After having published on many different authors and genres of Latin literature, Degl’Innocenti Pierini returns to her first field of research: fragmentary tragedy. The aims of this book include paving the way for further studies on Pomponius Secundus, a distinguished statesman and poet of the first century C.E., and raising his profile for a wider audience, as well as drawing attention to other Roman theatrical fragments.
Some reflections arise from a 2017 seminar held at the University of Palermo, organized by Alfredo Casamento ( Sulle tracce del teatro latino. Riflessioni e prospettive di ricerca), where the author presented a paper entitled “Pomponio Secondo: alla ricerca del ‘rivale’ perduto”.
In the course of reading, it becomes clear that Pomponius Secundus deserves much more attention and consideration than has been generally accorded to him.1 Thanks to the profile delineated by the author, the poet emerges as an influential intellectual who engages with other litterati at the Neronian court. The fragments incorporated and discussed in this book give us a suggestive picture of the political climate in which Pomponius Secundus wrote. His tragedies are richly allusive texts which engage with the Augustan poets and Seneca’s tragedies on levels far beyond the superficial; potentially, they could have been a model for Statius’ works, as Degl’Innocenti Pierini demonstrates in the fifth chapter.
A preface opens the volume, which is organized into two parts: “Studi su Pomponio” and “Studi su poesia tragica in frammenti”. Part 1, consisting of six chapters, explores the figure of Pomponius Secundus by discussing fragments attributed to him.
In the first chapter , which takes the form of an introduction, the author draws a portrait of Pomponius Secundus by analyzing passages from the authors who refer to Pomponius: Quintilian ( Inst. 10.1.98) praises Pomponius Secundus for his nitor and eruditio, Pliny the Younger ( Epist. 7.17.11) for his literary ideas. Pliny’s judgment is likely influenced by his uncle who describes Pomponius Secundus as vatem civemque clarissimum ( Nat. hist. 13.83). The analysis of references does not follow a chronological order, but the passages are discussed according to relevance. In the second part of the chapter, the author reconstructs Pomponius’ biography, political and military career, and public engagement.
Chapter 2 deals with Seneca’s mention of Pomponius Secundus in Epist. 3.6. For a long time, scholars discussed whether Seneca refers to Pomponius Secondus, the author of tragedies, or to the homonymous author of Atellanae.
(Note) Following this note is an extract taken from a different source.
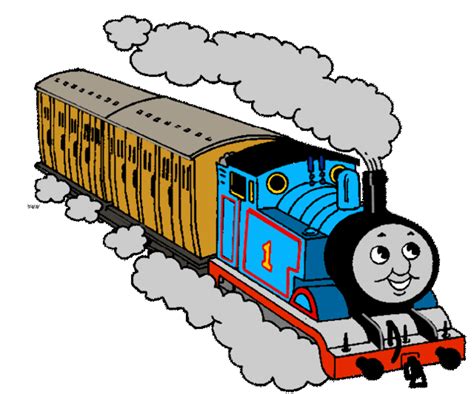 Train Clipart Png Png Image Collection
The various arguments proposed by Degl’Innocenti Pierini are clear and demonstrate that there are few doubts that the Pomponius to whom Seneca refers must be identified as the tragedian instead of the author of Atellanae (as suggested by Ribbeck). Seneca also provides rare evidence for Pompeius’ prose work Ad Thraseam, which, as the author lucidly demonstrates, had an epistolary structure and was important enough to be quoted by the grammarians Charisius, Diomedes and Priscian.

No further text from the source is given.